Début 2017, cette arcade a fait l’objet d’une importante rénovation : le sol a été renforcé et le carrelage a été remplacé par du marbre, mettant en valeur cette enfilade d’arcades sur pilastres à chapiteaux ioniques. La loggia (à droite ci-dessous) est un des rares éléments qui de l’hôtel particulier de Gesvres, le seul qui reste des quatre hôtels qui se trouvaient ici. Celui-ci abritait paraît-il l’un des tripots les plus célèbres de la Régence.

Signe particulier du passage Choiseul ? On y trouve un théâtre, celui des « Bouffes parisiens », ou plutôt sa sortie secondaire, depuis 1857. On peut mentionner également que le premier éditeur de Paul Verlaine avait sa librairie dans le passage.

Les établissements Claude Lavrut existent encore, ils sont spécialisés dans la vente de matériel et fournitures artistiques, pour les beaux-arts, le bureau ou les loisirs. Une maison centenaire de qualité !

⇒ Le saviez-vous ? la maman de Louis-Ferdinand Céline avait une boutique de « nouveautés au numéro 67 dans ce passage, et il y vécut enfant de 1899 à 1907. Il l’évoque même dans son livre « Mort à crédit », l’appelant « passage des Bérésinas »
Dans le quartier de Montorgueil
Le passage du Grand-Cerf
C’est une des plus hautes galeries parisiennes, surplombée d’une magnifique verrière, construite à la place du terminus des diligences des messageries royales, une maison qui s’appelait « roulage du Grand cerf », et qui fut détruite en 1825. Il est assez long, 113 mètres, avec de jolies boutiques à l’intérieur, dont deux merceries / vente de laine.
Deux trophées couverts de toiles d’araignées et de poussière, un cerf et un sanglier, accueillent le promeneur, indifférents …. je me demande depuis combien de temps ils sont accrochés là ….


Il est composé d’une structure en partie métallique, qui permettait de construire deux niveaux de façade entièrement vitrée.
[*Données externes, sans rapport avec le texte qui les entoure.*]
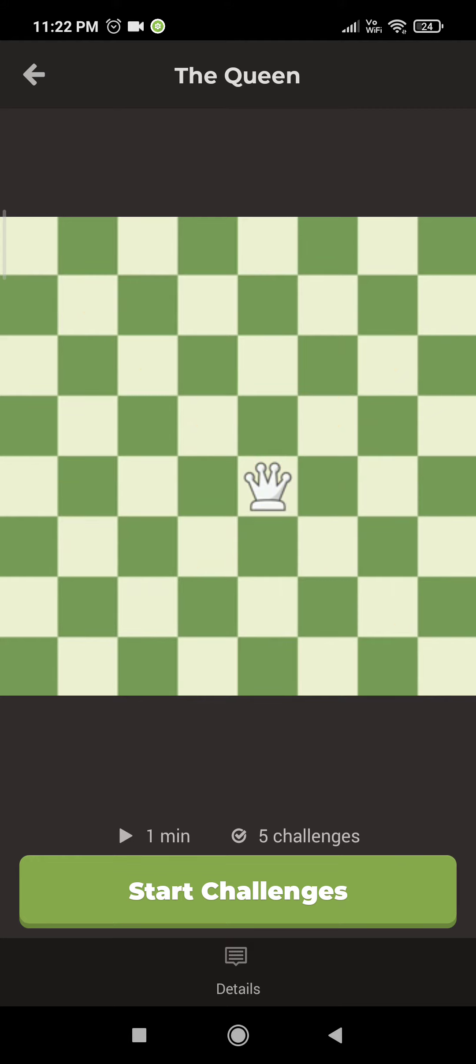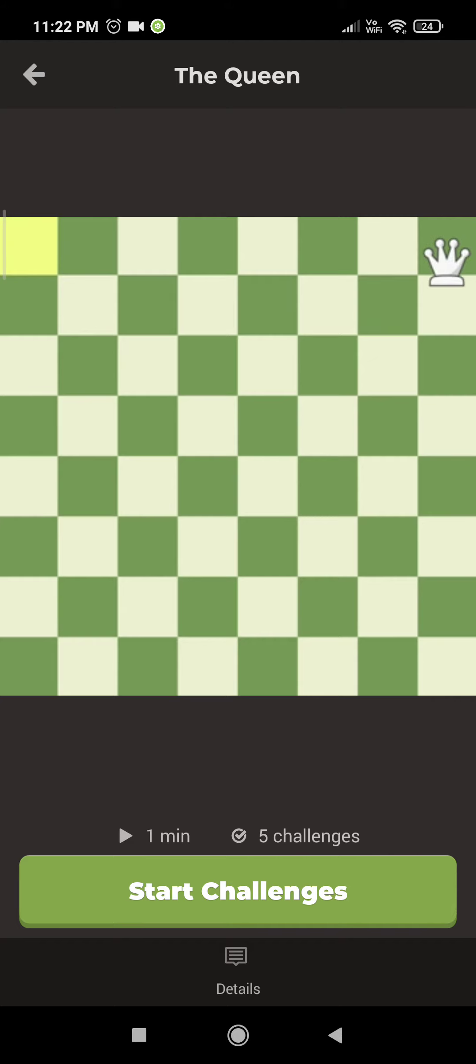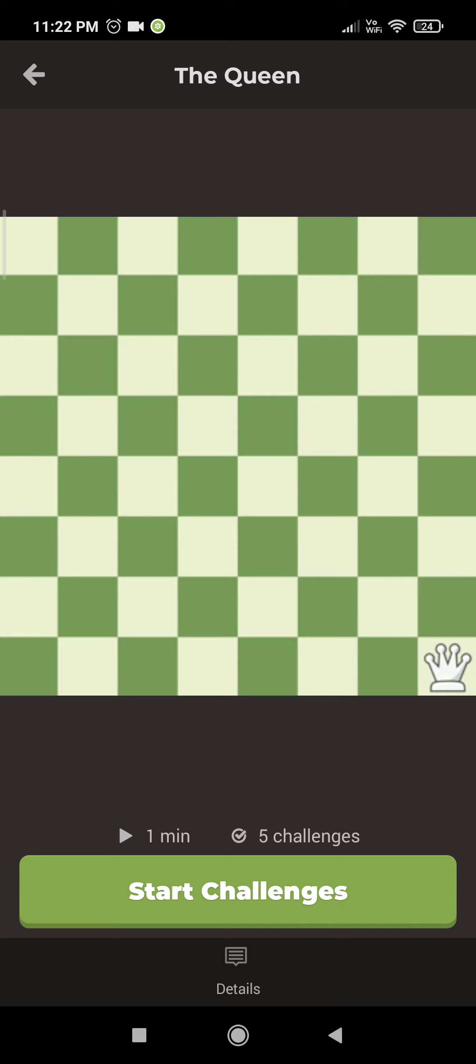In this position, the queen could go all the way up the diagonal, she could slide all the way across the board, she could move all the way down here, or she could make some shorter moves.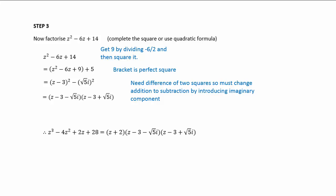Our original function z³ - 4z² + 2z + 28 equals (z + 2)(z - 3 - √5i)(z - 3 + √5i). So we have our real factor and then we have our conjugate pair: z - 3 - √5i and z - 3 + √5i. At that point, we have now factorized that expression.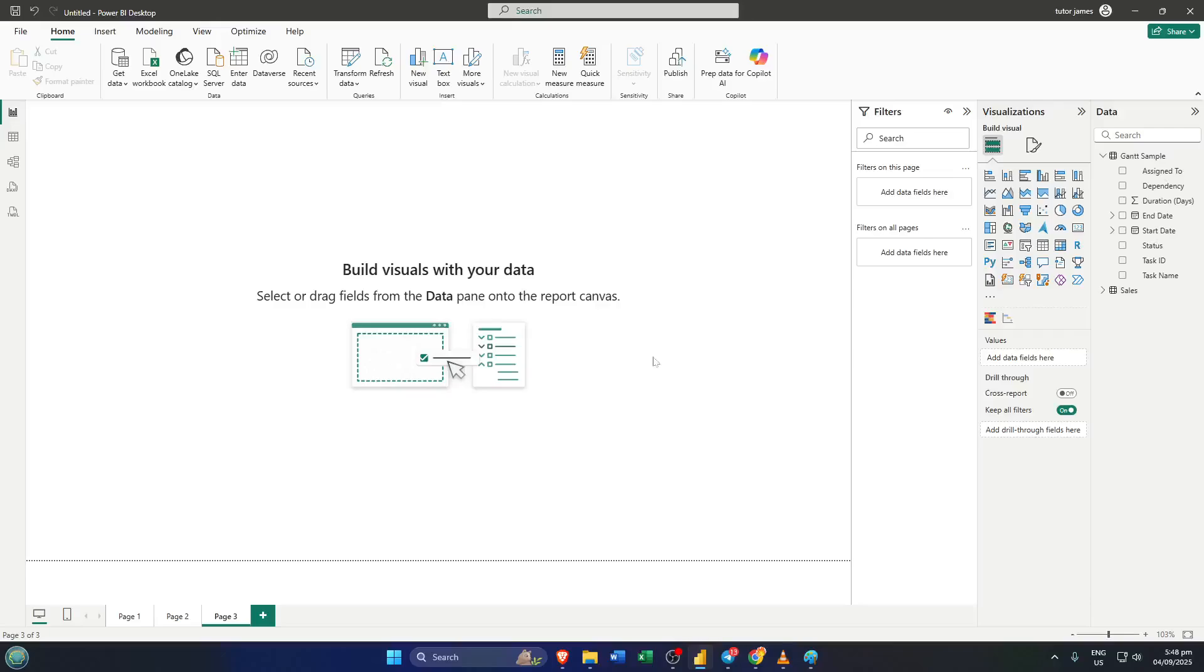Hey everyone, welcome back. Today I'm going to show you exactly how to create a professional looking Gantt chart right inside Power BI, and we'll be using a free visual to do it.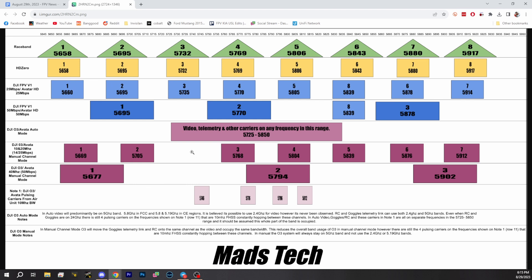The other thing that stands out to me is that if you have the DJI O3 in auto mode, it does not use the whole band, which I assumed it would. But that does not seem to be what this chart indicates, and MadsTech certainly has the tools to test and verify this. My approach when using the O3 with other pilots has just been to put it in auto mode and let it handle frequency mitigation. But if it's not using the entire band, I kind of don't know how I feel about that.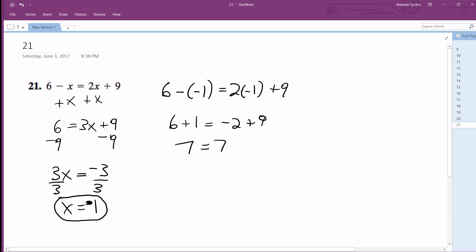So since both sides of the equation are equal to each other, this checks out as a solution. x equals negative 1.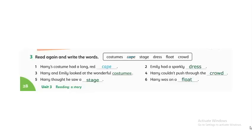To start, we're going to answer exercise 3. Read again and write the words. We have: costumes — that means a costume or outfit. Cape. Stage. Dress. Float. And crowd — it means a whole group of people.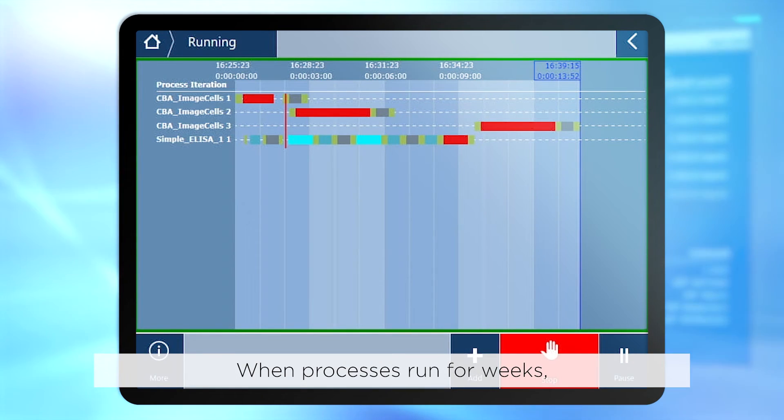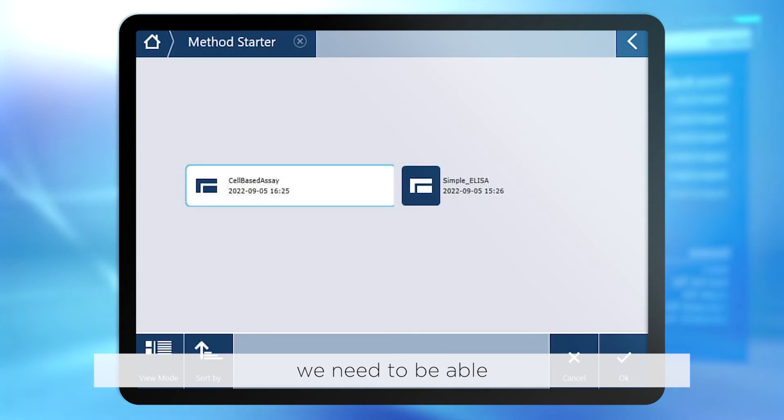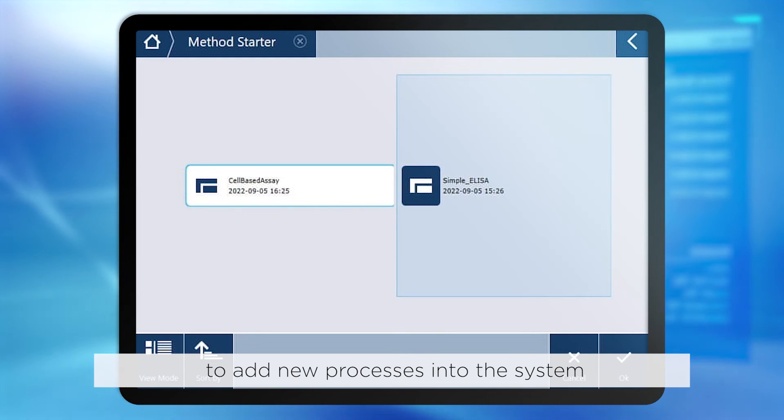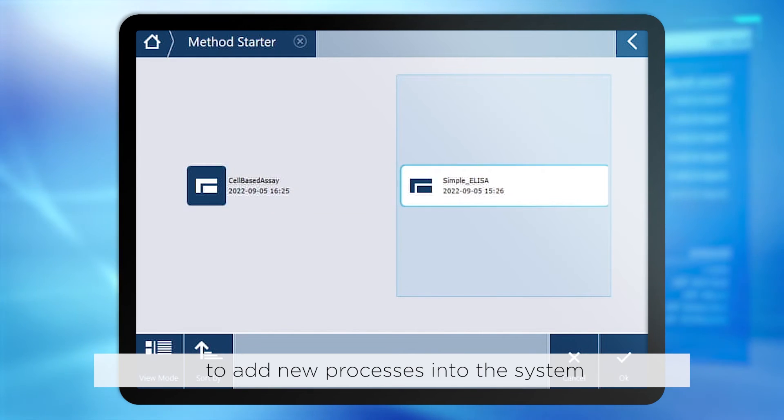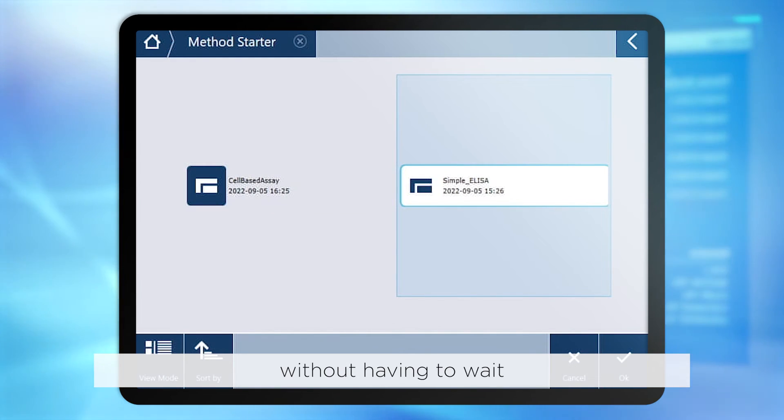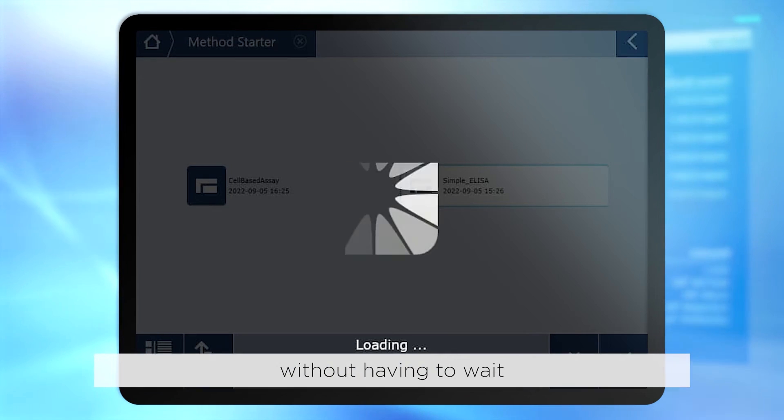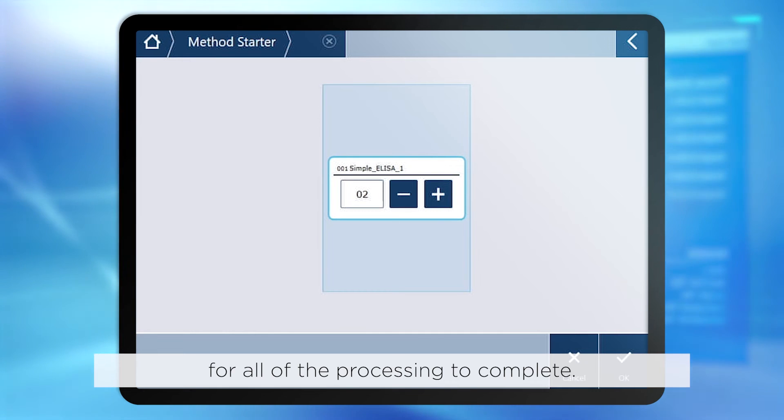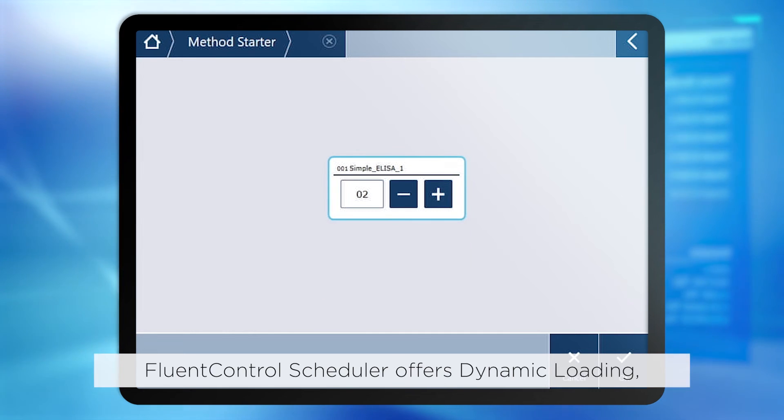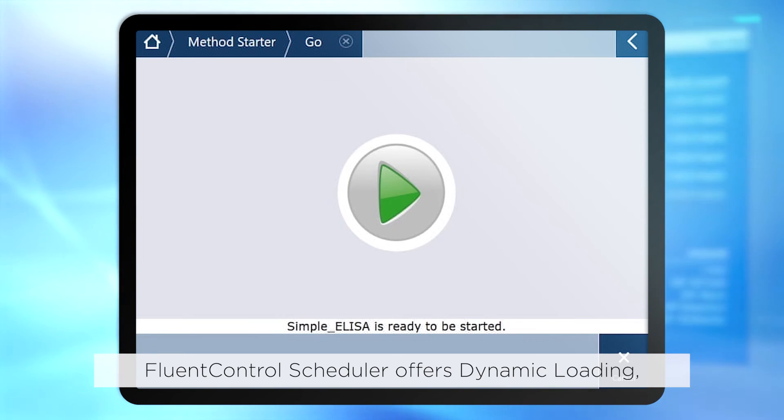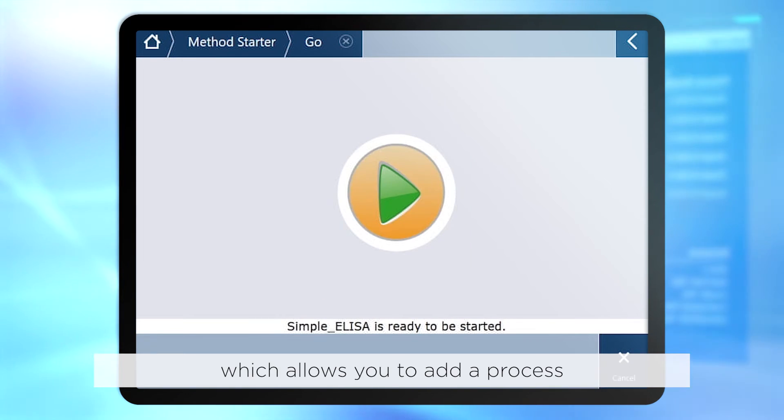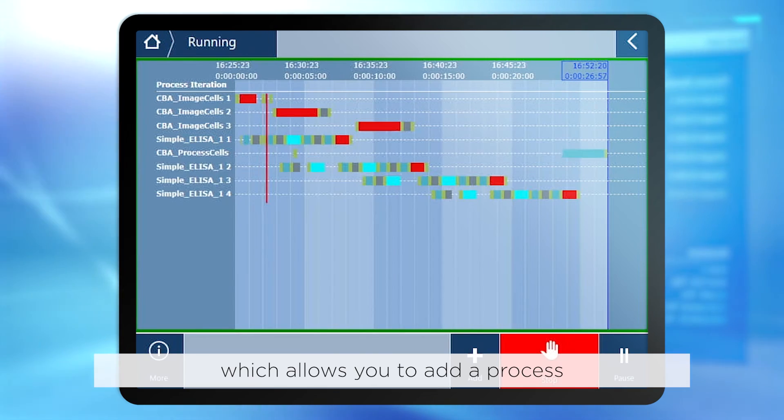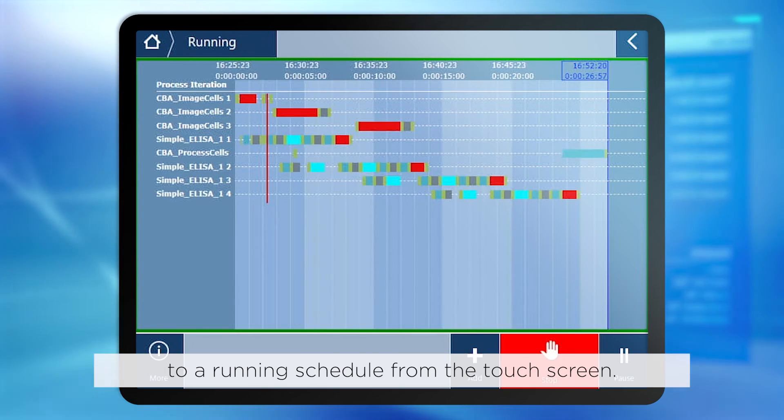When processes run for weeks, we need to be able to add new processes into the system without having to wait for all of the processing to complete. FluentControl scheduler offers dynamic loading, which allows you to add a process to a running schedule from the touchscreen.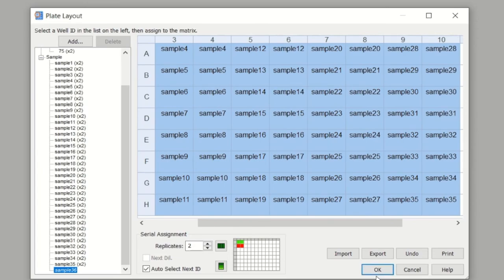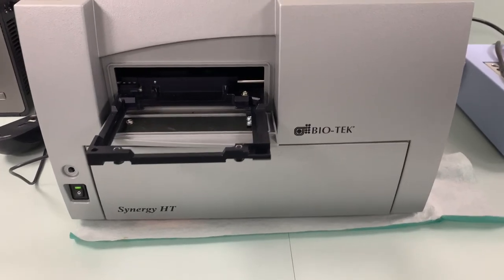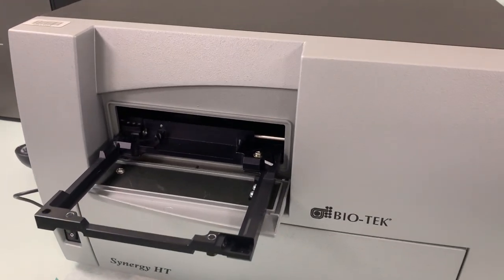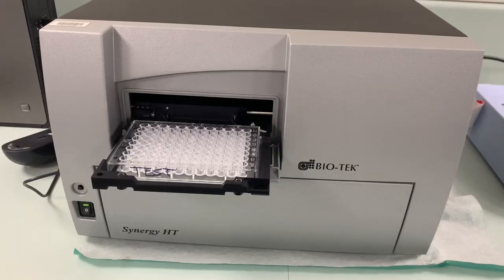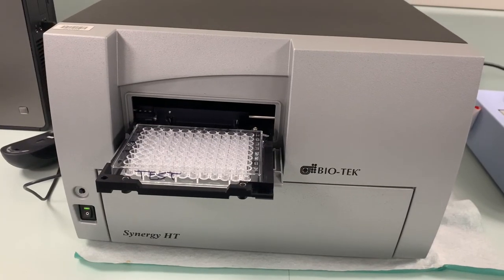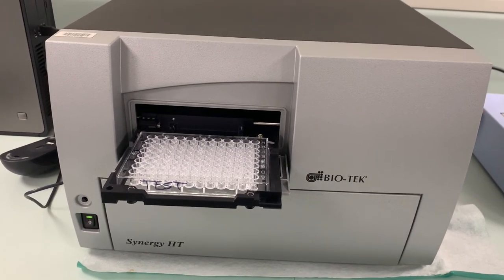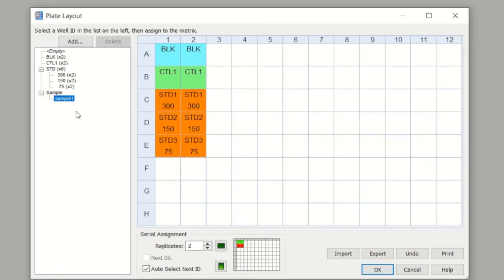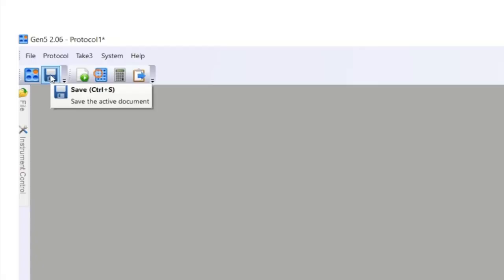Select OK, and now it knows when it goes to read the plate which wells contain a standard, which wells contain a sample, which one has your blank, your control, and your sample control. Don't forget to save your procedure. Go ahead and select Save and name it appropriately.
L’habitation ne commence qu’à partir du troisième étage.


Ce passage a été délaissé pendant de nombreuses années, mais réhabilité en 1990. Si vous avez envie d’un petit remontant, le petit coffee shop Nami se trouve sur la droite de l’entrée rue Saint-Denis. N’hésitez pas à relire mon article sur les meilleurs coffee shops à Lyon !
Dans son prolongement, le passage du Bourg l’Abbé, plus modeste (47 mètres de long seulement), ne manque pourtant pas d’intérêt. Un atelier superbe de menuiserie s’y cache en effet ; lors de mon passage, plusieurs stères de bois attendaient dans l’allée d’être utilisées par l’atelier du dernier ébéniste du centre de Paris, Ivan Lulli.

De chaque côté de la porte du passage dessinée par l’architecte Henri Blondel (également responsable de la Bourse du Commerce), deux belles cariatides sculptées par Aimé Millet. Elles représentent l’Industrie et le Commerce. À l’intérieur, certains éléments ont été conservés, comme l’entrée de la loge où se trouvait la concierge, où les accès aux appartements (« Escalier A » «Escalier B »). Il est dommage qu’un filet dissimule une partie du baromètre signé « Dutrou » installé au milieu de la galerie, qui fait face à une pendule.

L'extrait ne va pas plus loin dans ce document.